La ville d’Amiens est située au milieu de campagnes agréables et fertiles ; elle est bien bâtie, entourée de boulevards et baignée par la Somme, qui se divise en canaux pour en arroser l’intérieur. La ville, autrefois forte, est aujourd’hui démantelée. Les édifices et établissements remarquables sont : la cathédrale, un des plus beaux monuments religieux que possède la France, bâtie de 1220 à 1288, et renfermant plusieurs tombeaux, parmi lesquels est celui de Gresset ; l’hôtel de ville, commencé en 1600 et achevé en 1760 ; le collège royal, autrefois abbaye de Saint-Jean, un des plus beaux établissements en ce genre ; le grand séminaire, construit en 1739 ; le château d’eau, alimenté par une belle machine hydraulique ; la promenade dite la Hautoye, qui jouit d’une grande célébrité ; la salle de spectacle habilement disposée et surtout très sonore ; la bibliothèque communale, construite en 1823, et riche de 40,000 volumes imprimés et de 400 manuscrits ; enfin le palais de justice, la citadelle, le jardin des plantes, l’hôpital Saint-Charles, le collège de Saint-Acheul, le cimetière de la Madeleine, etc.

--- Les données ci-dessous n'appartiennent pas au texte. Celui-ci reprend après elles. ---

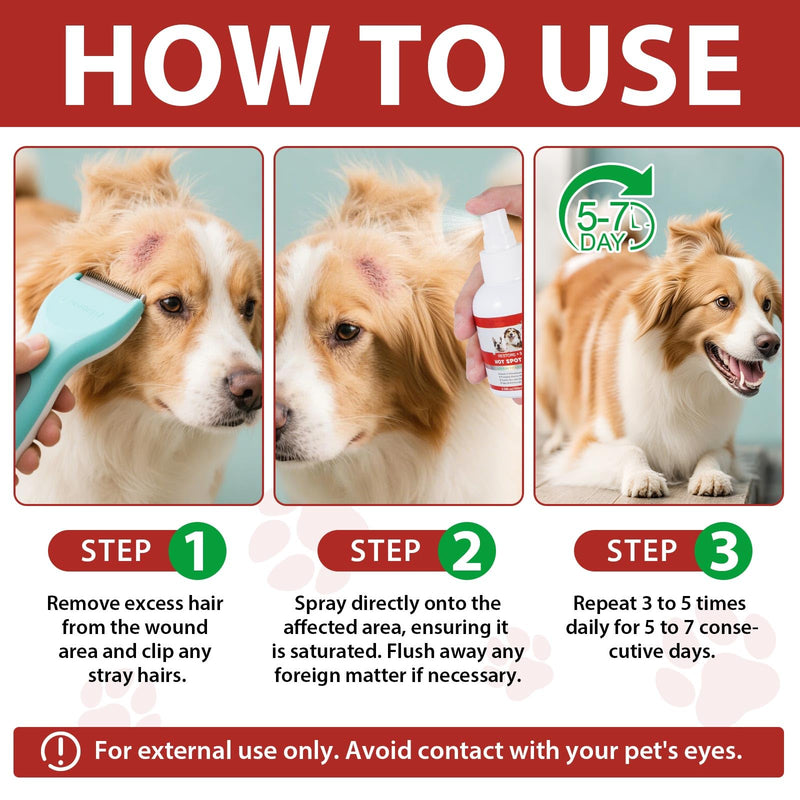 Hot Spot Itch Relief Spray for Dogs Anti-Itch Hot Spot Treatment, Pet Wound Care Spray for Skin Itchy, Irritated Skin, Allergy, Skin Rashes, Moisturiser for Dry Skin - 100 ml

Amiens occupe une place distinguée parmi les cités commerçantes et industrielles de France. Elle communique avec la mer par la Somme ; par son canal, avec celui de Saint-Quentin, qui lui ouvre le bassin de l’Escaut ; par l’Oise, avec le bassin de la Seine. Son industrie comprend plusieurs branches distinctes : la filature de la laine, les étoffes de laine et de soie (le velours entre antres), la filature du coton, les tissus de coton et la bonneterie. En outre, il y a des fabriques de tulles, d’étoffes imprimées, d’huile de vitriol, de savons, un grand nombre d’ateliers de teinture et de blanchisserie ; enfin, on ne peut guère parler du commerce d’Amiens sans mentionner ses pâtés de canard, qui jouissent d’une grande célébrité, et dont elle exporte une quantité considérable.

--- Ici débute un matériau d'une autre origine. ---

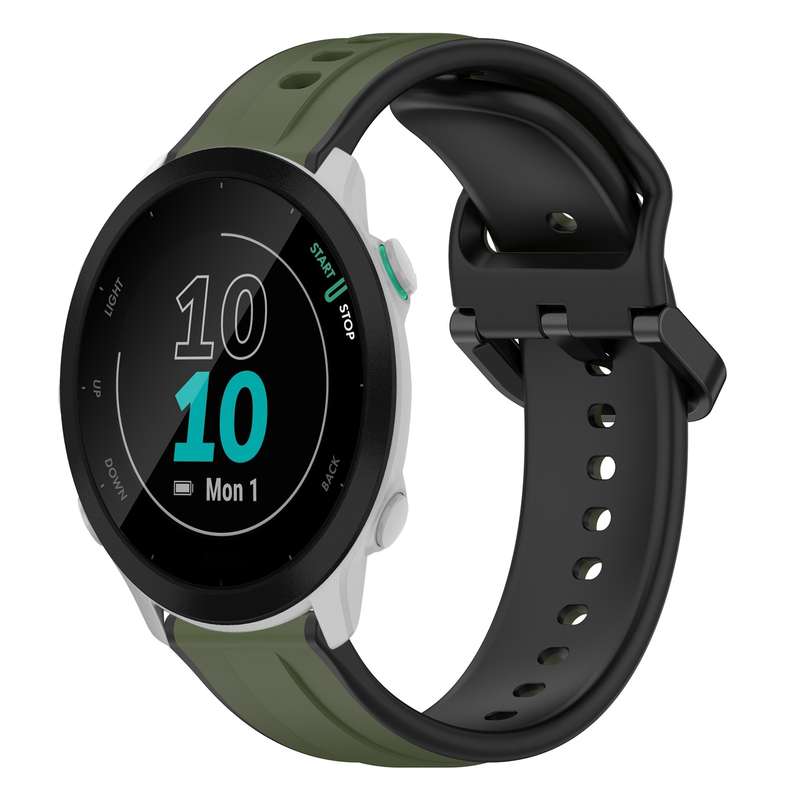 For Garmin Forerunner 55 20mm Convex Loop Two-Color Silicone Watch Band(Midnight Blue+White)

Amiens est la patrie de Pierre l’Ermite, prédicateur de la première croisade ; de François Fernel, médecin de Henri II, mort en 1558 ; de Jean d’Estrées, grand maître de l’artillerie de France, mort en 1567 ; de l’académicien Voiture, mort en 1648 ; du savant du Cange, mort en 1688 ; de l’érudit Legrand d’Aussy ; du bénédictin dom Bouquet, mort en 1754 ; du poète J.-B. Gresset ; de l’astronome Delambre ; du naturaliste Duméril, etc.